In these essays, Michael S. Roth uses psychoanalysis to build a richer understanding of history, and then takes a more expansive conception of history to decode the cultural construction of memory. He first examines the development in nineteenth-century France of medical criteria for diagnosing memory disorders, which signal fundamental changes in the understanding of present and past. He next explores links between historical consciousness and issues relating to the psyche, including trauma and repression and hypnosis and therapy. Roth turns to the work of postmodern theorists in connection with the philosophy of history and then examines photography's capacity to capture traces of the past. He considers how we strive to be faithful to the past even when we don't care about getting it right or using it productively. Roth concludes with essays defending pragmatic and reflexive liberal education. Drawing on his experiences as a teacher and academic leader, he speaks of living with the past without being dominated by it.
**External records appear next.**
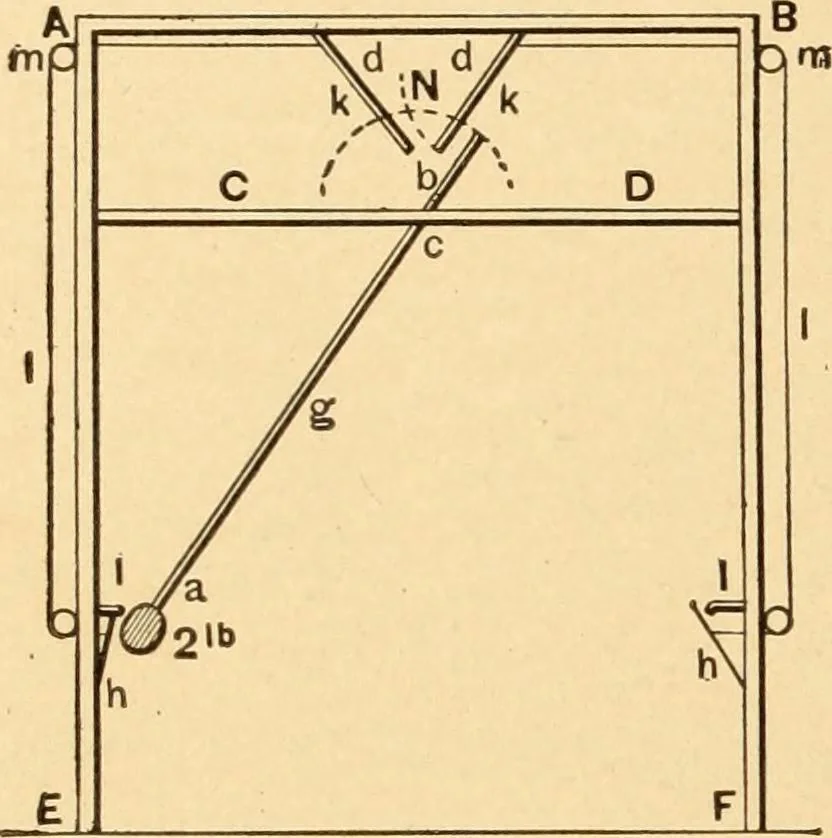 An illustration from Mechanical appliances, mechanical movements and novelties of construction; a complete work and a continuation, as a second volume, of the author's book entitled "Mechanical movements, powers and devices" ... including an explanatory chapter on the leading conceptions of perpetual motion existing during the past three centuries, 1910, leaf 391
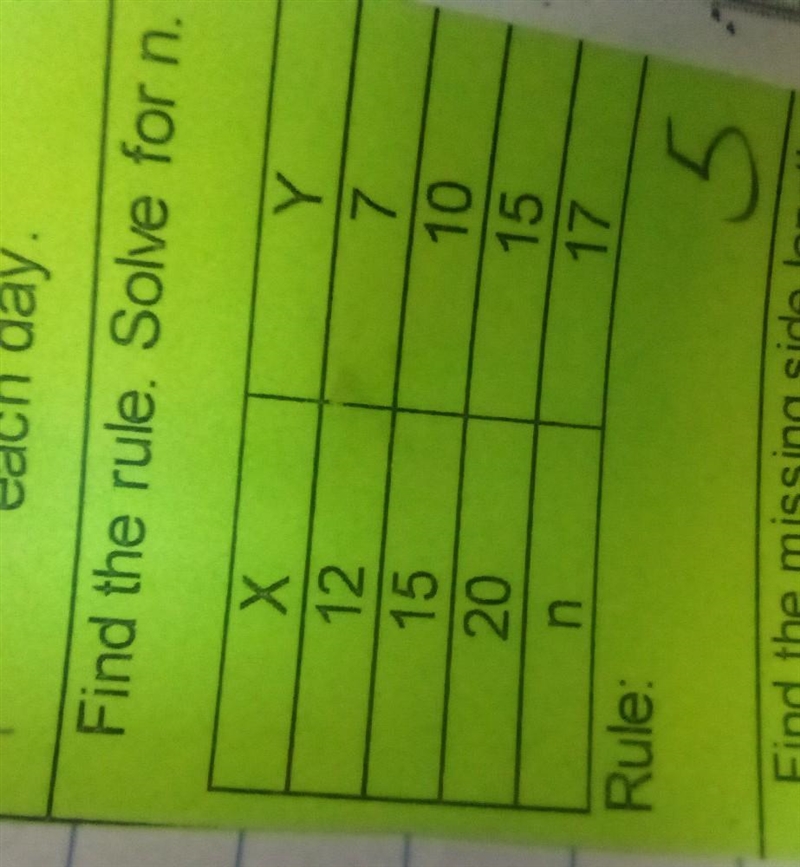 Find the rule. Solve for n. Х 12 15 20 Y 7 10 15 17 n Rule:​-example-1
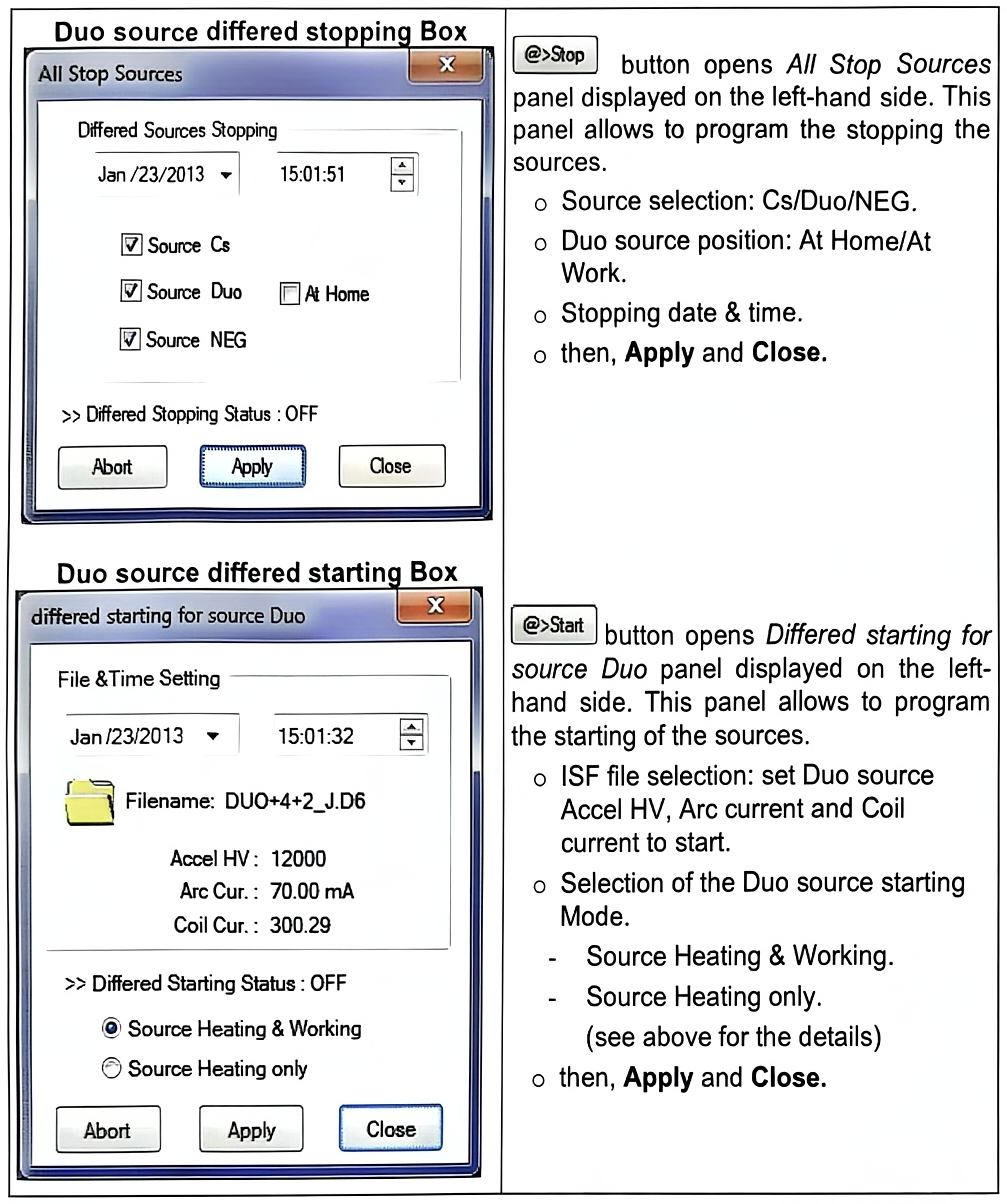 Duo source differed stopping and starting boxes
"One has to say it, nostalgia is a disease that is tending to disappear and that is observed less frequently each day: the establishment of rapid communications, the inundation of a ceaselessly invasive civilization, erases one by one the moral colors that so often created the disease in other times. General cosmopolitanism results in one being attached to anything...everywhere materialist egoism is substituted for the noble instincts of the heart, everywhere the positive kills the imagination and its divine creations...the further we move away from a state of simplicity, the less we cling to the tombs of our ancestors and to the soil on which we were born."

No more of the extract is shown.